If you have crumpet/biscuit rings, grease them and pour batter in. Follow procedure as above. Yours will be thicker than free-form crumpets will.

Now that your starter is fed, you can try making bread. If your bread doesn't rise at all, feed the starter over the course of two or three days and try again. The bread I made above was done according to this recipe, adapted from a King Arthur recipe I have used many times before. This is a flexible recipe. You can use any type of flour.
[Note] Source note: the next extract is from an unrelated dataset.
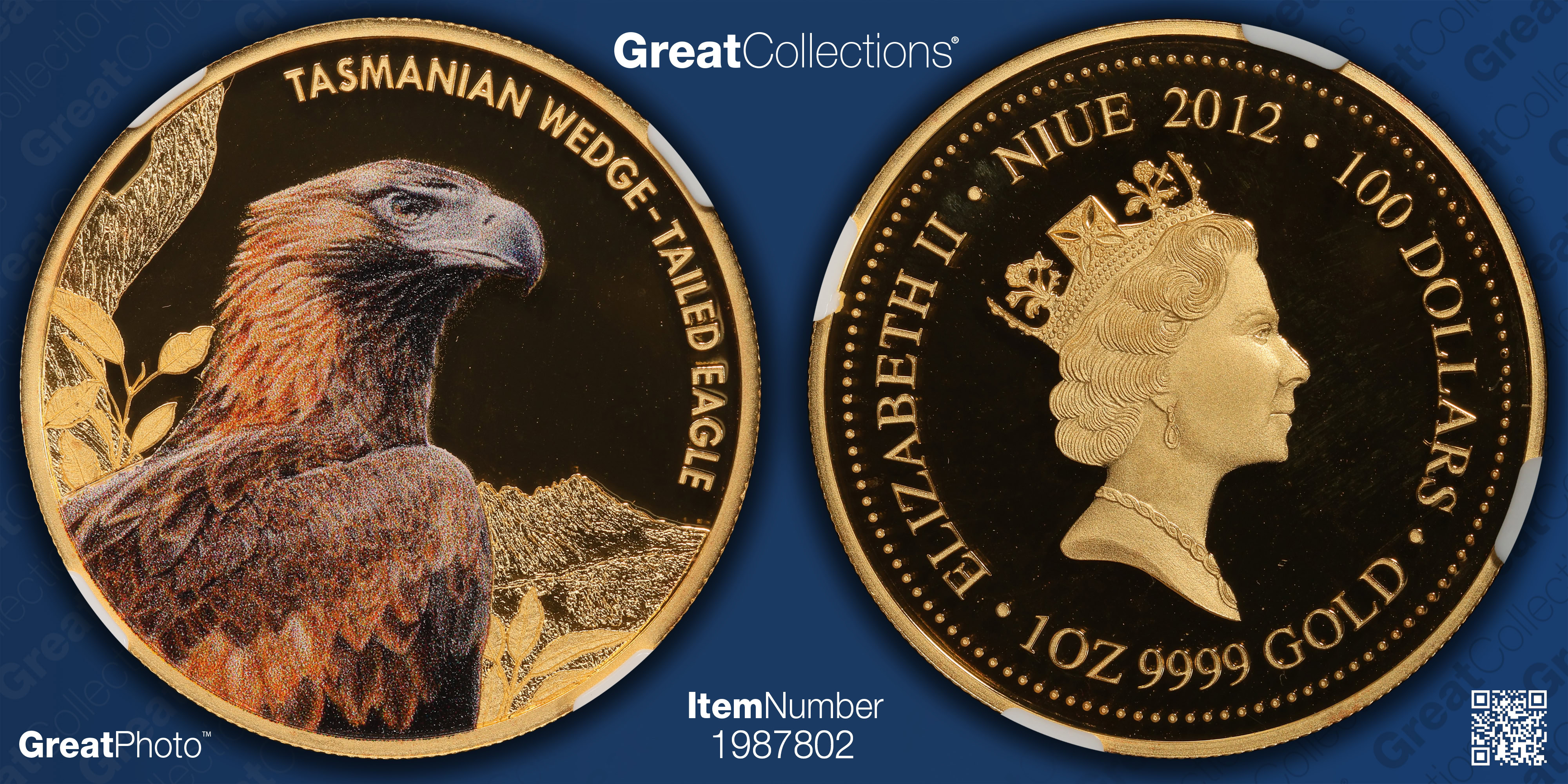 Niue 2012 Colorized Gold $100 Tasmanian Wedge-Tailed Eagle KM-737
Here, in the photo at the top of the post, you can see I used all whole wheat flour.
Take this to be, like the starter method, simply a guideline and not the holy grail of sourdough.

Sourdough Bread, Abriged

(Longer version found here)
1 cup fed sourdough starter
1 1/2 cups warm water (105-110F)
3 cups flour
1 tbsp sugar (optional)
1 tbsp salt
1-3 cups flour

Combine starter, warm water and 2 cups flour in a large bowl (the sponge) and let stand for 2-8 hours.
Stir in sugar, salt and 1 cup of flour. Stir in additional flour as needed, until the dough starts to come away from the side of the bowl. Turn out onto a floured surface and knead until smooth and elastic, about 3-5 minutes.
Rinse out your bowl, lightly oil it and place the dough inside, turning to coat. Cover bowl and allow to rise until doubled, about 2 hours.
Shape dough, on a floured surface, into 1 large, round loaf. Place on a floured baking sheet to rise for an additional hour.
Preheat oven to 425F.
Brush dough with water, slash as desired and bake for 35-40 minutes, until crust is browned and loaf sounds hollow when tapped. Cool completely on a wire rack before slicing.
My thanks to Barrett, for getting me started on this project.